Print Friendly, PDF & Email

Helmuth Schönauer bespricht:
Mircea Cărtărescu
Melancolia
Erzählungen
A. d. Rumän. von Ernest Wichner
[Orig.: Melancolia, Bukarest 2019]

Es gibt rare Wörter, die eine Epoche, eine Kindheit, einen Kontinent oder eine Kunstrichtung beschreiben können. Melancholie ist das bekannteste davon.

Melancolia war einst im kalten Krieg ein Begriff, der den Künstlern hinter dem Vorhang (wir hielten uns damals als davor angesiedelt) einen gewissen politischen Spielraum gab, in einer kollektivierten Gesellschaft ein privates Gefühl auszudrücken. Zwar gehörte auch die Psyche der Öffentlichkeit, aber die Melancholie konnte privat bleiben, sie galt als das intimste Gefühl eines Individuums.

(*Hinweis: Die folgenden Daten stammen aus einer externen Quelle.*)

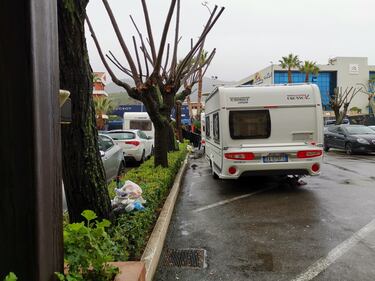 Messina, il sindaco si barrica nell'hotel 5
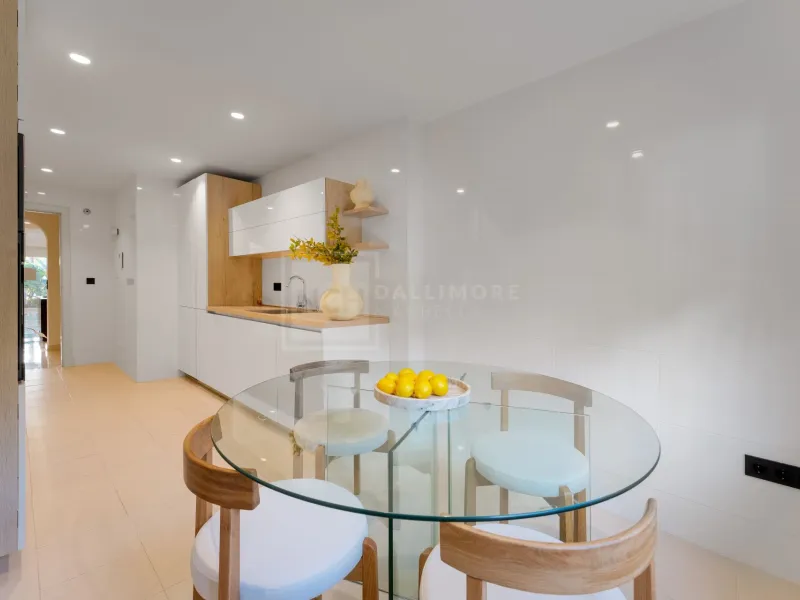 Elegant 3-Bedroom Garden Apartment in Sierra Blanca with Pools and 24h Security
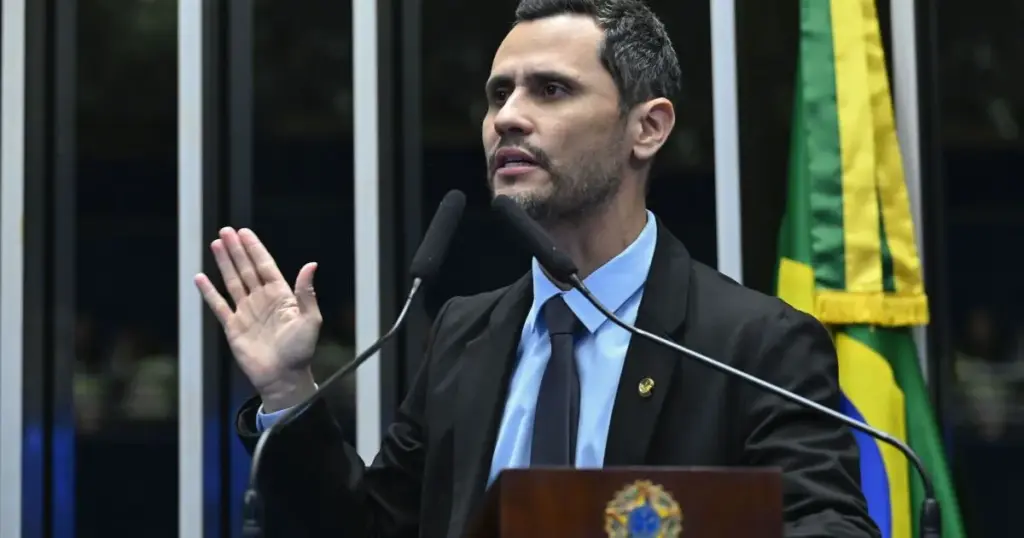 Republicanos recua e decide lançar Cleitinho ao governo de Minas Gerais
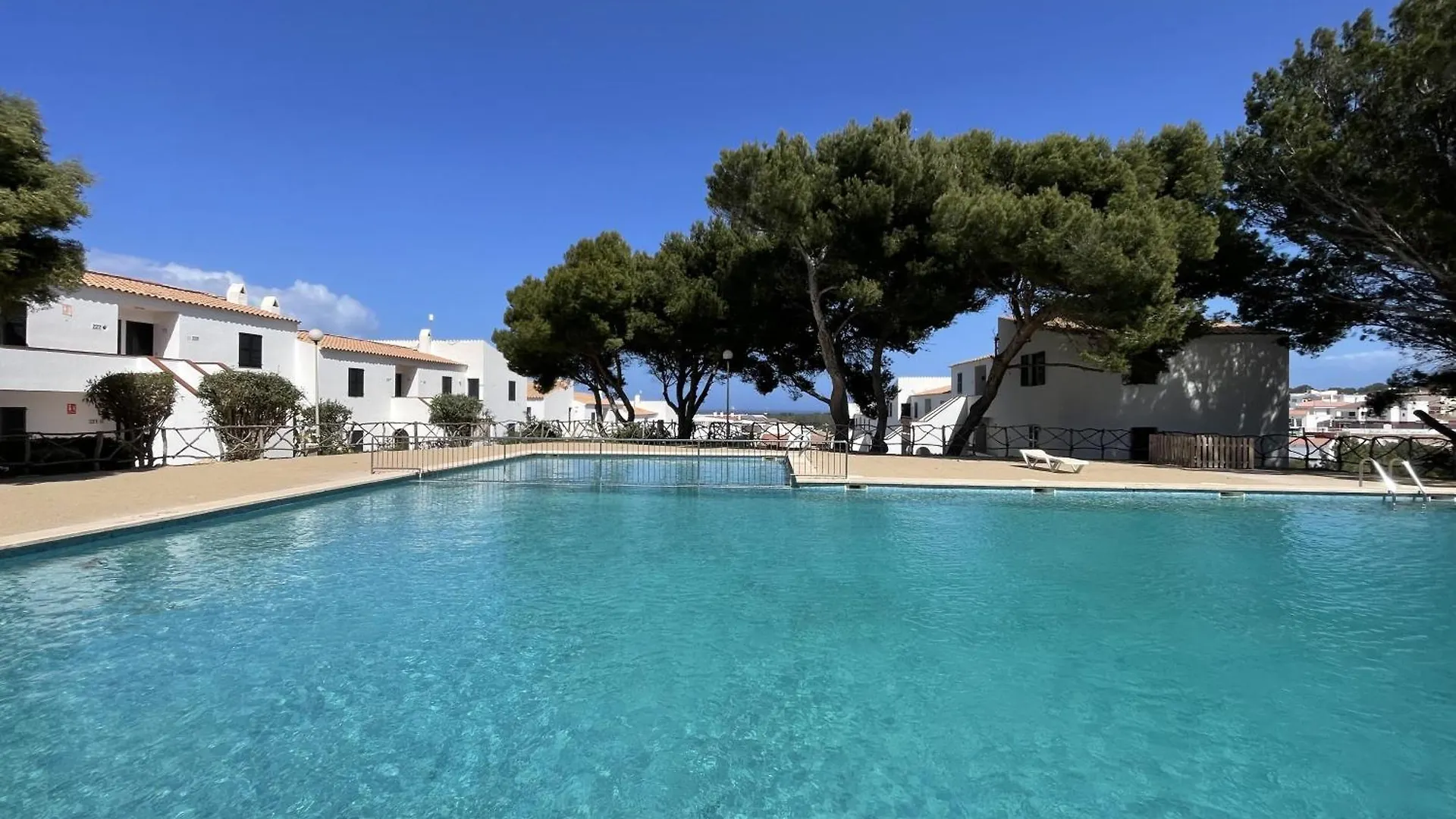 Tramontana Apto En Planta Baja Con Piscina Arenal d'en Castell Apartment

Mircea Cărtărescu knüpft mit seinen Erzählungen an diesen kalten Mythos von damals an, zumindest die Lesenden aus der Vor-Vorhang-Zone lassen sich gerne von der romantischen Aura in sich gekehrter Seelen anwehen. Dabei sind die Definitionen dieses Zustandes magisch und realistisch zugleich. Für die Welt des Traumes gehört die wirkliche Welt zum unwahrscheinlichsten Gefilde. (215)

Dabei zeigen die drei Haupterzählungen [Die Stiege (23) / Die Füchse (80) / Die Häute (133)] drei Facetten eines einzigen Zustands. Ein Kind durchlebt die Welt als Kind, das noch im Neutrum verharrt und erst allmählich die Züge eines Jungen annimmt. – Ein Geschwisterpaar versucht ohne Hilfe von Erwachsenen die Kindheit hinter sich zu lassen. – Ein Jugendlicher häutet sich in der Pubertät und steht plötzlich schutzlos und fragil in einer Welt, für die die Metamorphose des Körpers nicht ausreicht.

Erzähltechnisch sauber eingekeilt zwischen Prolog und Epilog zeigt ein erzählendes Ich die zwei Hauptzustände des Schreibens. In der voraus gestellten Erzählung Der Tanz landet das Ich auf einer unerforschten Insel, die in der Hauptsache aus einem umkämpften Ausgang besteht. Jeder, der aus Versehen, Neugierde oder Abenteuerlust auf der Insel in Gestalt eines leeren Palastes landet, muss beim Verlassen des Areals mit einem Anti-Türhüter kämpfen.

Während bei Kafka der persönliche Türhüter Obacht gibt, dass niemand ins Reich der Erlösung eintritt, verwehrt bei Cărtărescu der Wärter den Rückzug aus der Palast-Insel. Dieser Wächter entpuppt sich nämlich als eine Art Spiegelbild, das jede Handlung synchron nachäfft und dadurch unüberwindlich ist. Am ehesten kann man diesen Wärter noch überwinden, indem man mit ihm tanzt statt zu kämpfen. Aber letztlich scheitern alle Versuche, dem unheimlichen Palast zu entfliehen, am eigenen Atem.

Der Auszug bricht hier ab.